Karena menurut Andreas Hugo Pareira, secara mekanisme prosedural, kalau ada informasi intelijen yang penting seharusnya disampaikan kepada Presiden sebagai user.
Bukan malah disampaikan pada forum, meskipun, kata Politikus PDI Perjuangan ini, itu tertutup.
"Tidak sepantasnya statement seperti itu disampaikan, meskipun di forum terbatas, karena bisa menimbulkan multi interpretasi," ujar Andreas Pareira kepada Tribunnews.com, Senin (25/9/2017) .

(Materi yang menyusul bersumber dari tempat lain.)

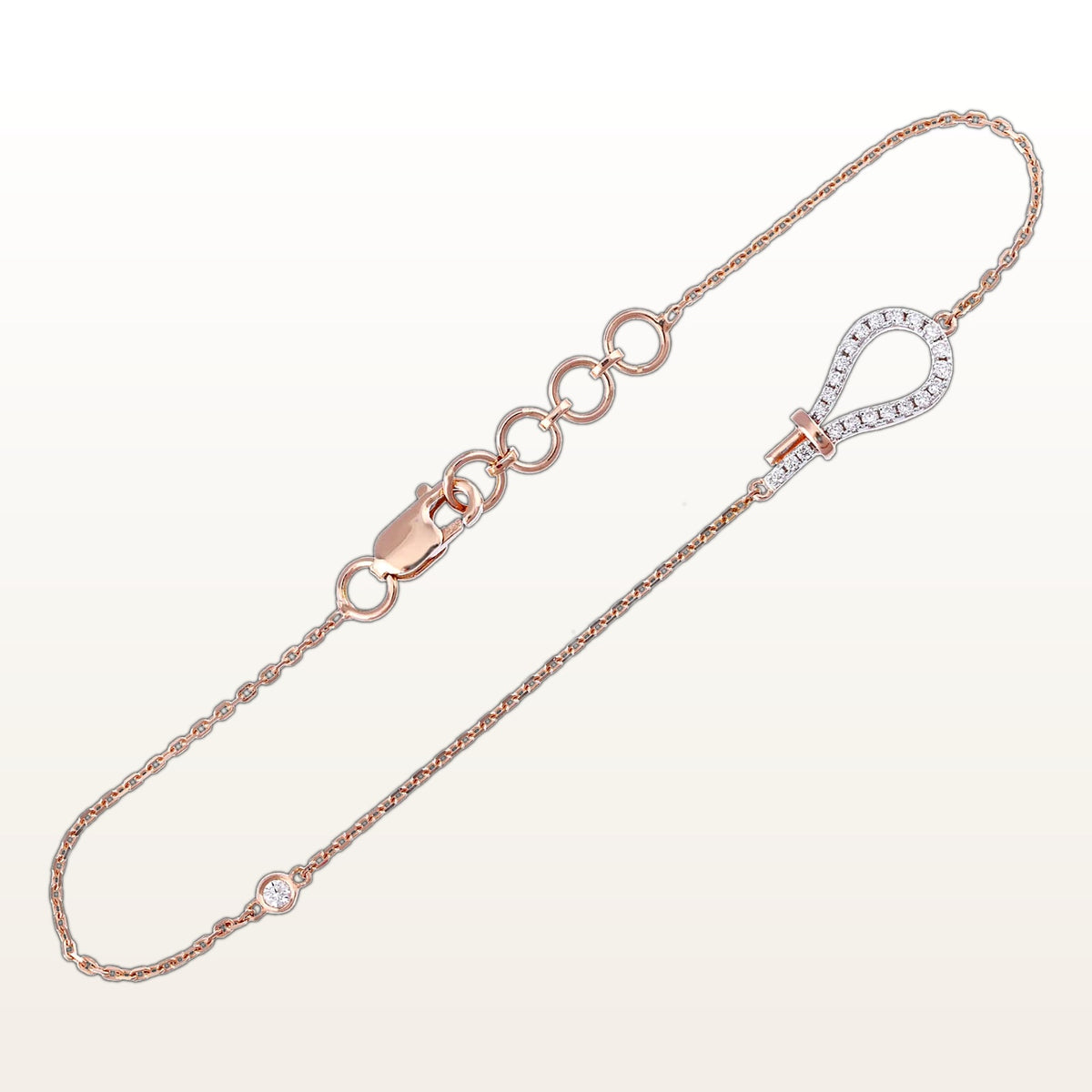 Nishka rose gold diamond    dbrwl 1791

Apalagi imbuhnya, kalau disampaikan dengan tuduhan "ilegal" yang tendensius terhadap sesama institusi negara.
Untuk itu pula ia mengingatkan bagar para pemimpin institusi di negeri ini, seharus berhati-hati dalam menyampaikan pernyataannya sehingga tidak menjadi isu-isu destruktif yang kontra produktif.
Ia pun berharap klarifikasi dari Menteri Koordinator Bidang Politik, Hukum dan Keamanan (Menkopolhukam) Wiranto menutup polemik ini.
Sebelumnya Wiranto menyebut adanya komunikasi sampai Panglima TNI Jendral Gatot Nurmantyo mengeluarkan pernyataan ada institusi lain di luar TNI yang hendak memasukan senjata ke Indonesia.
Dalam konfrensi pers di kantor Menkopolhukam, Jakarta Pusat, Minggu (24/9/2017), Wiranto mengatakan pihak lain yang dimaksud Panglima TNI, adalah Badan Intelijen Negara (BIN).
BIN membeli senjata dari PT. Pindad sebanyak 500 pucuk, dan dalam pembeliannya, kata Wiranto memang tidak butuh izin dari Mabes TNI.
"Dari penjajakan dan penelitian yang kami lakukan, maka pembelian senjata dari Pindad yang bukan standar TNI itu, memang tidak perlu minta izin ke Mabes TNI, tapi cukup dari Mabes Polri, dan itu sudah dilakukan," ujar Wiranto.
Baca: Demo Satpol PP di Kemenpan RB, Djarot Bilang Bukan Urusan Kami
Wiranto yang juga merupakan mantan Panglima TNI itu, menyebut pembelian senjata untuk keperluan sekolah BIN sebanyak 500 pucuk tersebut, juga tidak perlu mengantongi izin dari Presiden RI Joko Widodo.
Presiden, kata Wiranto, tidak perlu terlibat dalam proses itu.